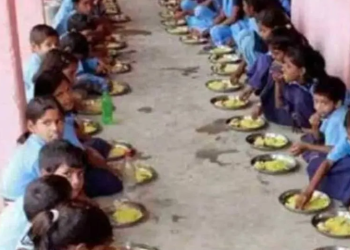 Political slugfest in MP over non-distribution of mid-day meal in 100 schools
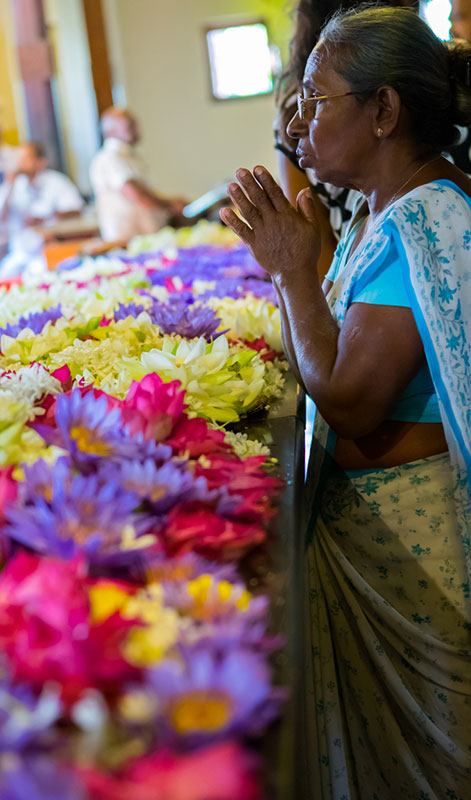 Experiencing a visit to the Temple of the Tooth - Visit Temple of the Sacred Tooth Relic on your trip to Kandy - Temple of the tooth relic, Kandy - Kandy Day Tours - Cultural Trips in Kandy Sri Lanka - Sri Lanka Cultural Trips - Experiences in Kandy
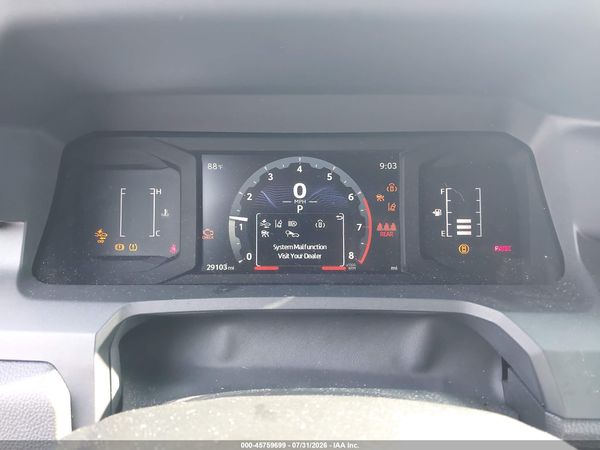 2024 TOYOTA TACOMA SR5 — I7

* * *

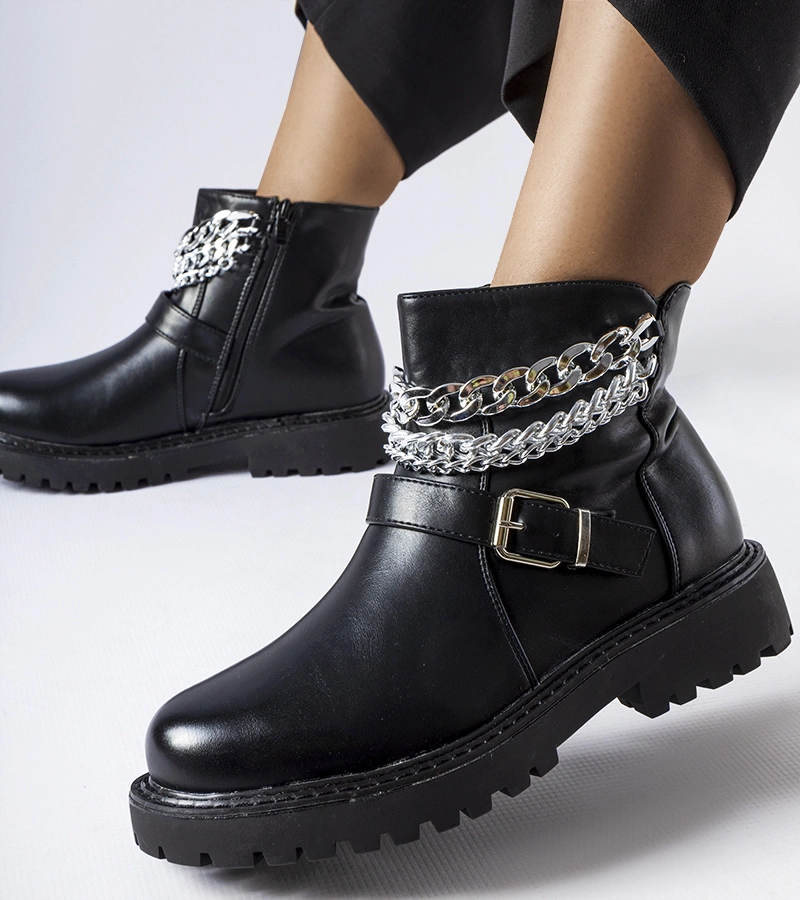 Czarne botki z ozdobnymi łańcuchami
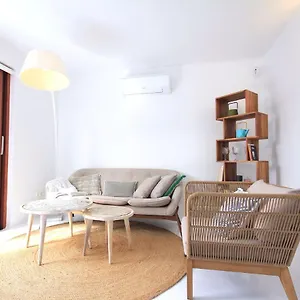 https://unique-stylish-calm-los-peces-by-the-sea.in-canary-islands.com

* **PROBLEM**
From the records above, transcribe only the stretch from the line with "Political slugfest in" through the line with "2024 TOYOTA TACOMA SR5 — I7", keeping both ends. Omit pictures.

* **ANSWER SPACE**
 Political slugfest in MP over non-distribution of mid-day meal in 100 schools
 Experiencing a visit to the Temple of the Tooth - Visit Temple of the Sacred Tooth Relic on your trip to Kandy - Temple of the tooth relic, Kandy - Kandy Day Tours - Cultural Trips in Kandy Sri Lanka - Sri Lanka Cultural Trips - Experiences in Kandy
 2024 TOYOTA TACOMA SR5 — I7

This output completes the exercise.